Two details are load-bearing. First, a single success while in Healthy does not reset any counter that matters — but a single failure does not immediately eject either; the LB requires unhealthy_threshold consecutive failures, and any success in between resets the failure counter to zero. That reset is what damps flapping. Second, note that the transition out of Healthy on failure goes through Draining, not straight to dead — that is the graceful-removal path covered in §6. A backend that hard-crashes skips draining (its connections are already broken), but a backend that merely starts failing probes is drained politely.

5. Shallow vs deep: liveness vs readiness¶

The most consequential design choice in health checking is how much the probe checks. This is the shallow-vs-deep axis, and Kubernetes names the two ends precisely: liveness and readiness.

Shallow / liveness — "is the process itself alive?" The check touches nothing but the process: can it accept a connection and return 200 from a trivial handler? If liveness fails, the correct action is to restart the instance — it is wedged (deadlocked, out of memory, event loop blocked). Liveness must never check dependencies, because if the database is down, a liveness check that queries the DB will fail on every instance, causing Kubernetes to restart the entire fleet in a loop — turning a database blip into a total, self-inflicted outage. Liveness answers "restart me?"

Deep / readiness — "can this instance serve a real request right now?" The check exercises the actual work path and its critical dependencies: can I reach the database, is my connection pool warm, have I finished loading config, am I not overloaded? If readiness fails, the correct action is to remove from rotation but do not restart — the process is fine, it just isn't ready (still warming up, or a dependency is briefly unavailable). Readiness answers "send me traffic?"

The distinction maps directly to the two LB actions: restart vs stop routing. Conflating them is the classic outage. A dependency check wired into liveness converts "DB is slow for 30 s" into "every pod restart-loops," which is strictly worse than serving errors.

sequenceDiagram autonumber participant K as Kubelet / LB participant P as Pod participant DB as Database Note over K,P: Liveness (shallow) K->>P: GET /livez P-->>K: 200 (process is up) Note over K,P: Readiness (deep) K->>P: GET /readyz P->>DB: SELECT 1 DB-->>P: timeout P-->>K: 503 (dependency down) Note over K: Remove from Service endpoints.\nDo NOT restart — process is healthy.

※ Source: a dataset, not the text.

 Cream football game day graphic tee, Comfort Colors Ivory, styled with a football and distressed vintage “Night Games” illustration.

Aspect	Liveness (shallow)	Readiness (deep)
Question	Is the process wedged?	Can I serve a request now?
Checks	Process only, trivial handler	Dependencies, pools, warmup, load
On failure	Restart the instance	Remove from rotation, keep running
Depends on DB/cache?	Never	Yes (carefully — see §9)
Startup	Use a separate startup probe	Fails until warm, then passes
k8s field	`livenessProbe`	`readinessProbe`

Kubernetes adds a third: the startup probe, which suspends liveness/readiness until a slow-booting app (JVM, large model load) is up — preventing liveness from killing an app that simply takes 90 s to start.

6. Connection draining and graceful deregistration¶

When a backend is removed — because it failed a check, or (far more common) because you are deploying — you must not sever its in-flight requests. Connection draining (AWS's term; also "graceful deregistration") stops routing new connections to the target while letting existing ones complete up to a deregistration delay / drain timeout, after which any stragglers are forcibly closed.

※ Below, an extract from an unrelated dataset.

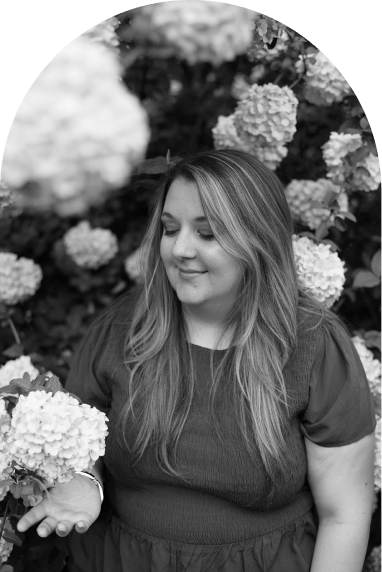 Elizabeth, looking at a hydrangea blossom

The deploy sequence that avoids dropped requests is a choreography, and its ordering is what makes rolling deploys silent:

sequenceDiagram autonumber participant D as Deploy / Orchestrator participant LB as Load Balancer participant B as Backend (old) D->>B: 1. SIGTERM (begin shutdown) B->>B: 2. flip readiness to 503 (fail readyz) LB->>B: 3. readiness probe fails Note over LB: 4. stop sending NEW connections LB->>B: 5. existing requests still complete Note over LB,B: 6. drain timeout (e.g. 30 s) B->>B: 7. finish in-flight, then exit Note over LB,B: 8. deregistered — no traffic lost

The key insight — and the most common bug — is the ordering of shutdown vs deregistration. If the process exits (step 7) before the LB notices it's gone (steps 3–4), there is a window where the LB still routes new connections to a dead socket → connection-refused errors for real users. The fix, used by every graceful-shutdown implementation: on SIGTERM, first flip readiness to failing and keep serving for a grace period ≥ the LB's probe detection window, only then stop accepting new work and drain. In Kubernetes this is why a preStop hook with a sleep (or a readiness flip) is standard: it holds the pod alive long enough for the endpoints controller to remove it before the container dies.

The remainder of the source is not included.